Source data:

# # # # #

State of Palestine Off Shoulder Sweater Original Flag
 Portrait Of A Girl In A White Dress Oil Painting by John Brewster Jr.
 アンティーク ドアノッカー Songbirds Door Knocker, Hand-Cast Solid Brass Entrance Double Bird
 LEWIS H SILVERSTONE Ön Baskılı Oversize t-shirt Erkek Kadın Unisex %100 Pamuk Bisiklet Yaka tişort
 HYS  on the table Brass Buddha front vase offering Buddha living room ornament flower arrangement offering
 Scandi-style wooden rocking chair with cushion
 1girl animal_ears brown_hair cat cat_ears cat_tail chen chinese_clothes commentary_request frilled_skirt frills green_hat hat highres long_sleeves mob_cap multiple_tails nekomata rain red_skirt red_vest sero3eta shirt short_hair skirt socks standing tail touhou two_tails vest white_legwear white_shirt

# # # # #

PROBLEM REQUIREMENTS: Give the number of lines in the entries that include the string "Brass", and nothing more.

RESULT OF THE TASK: 2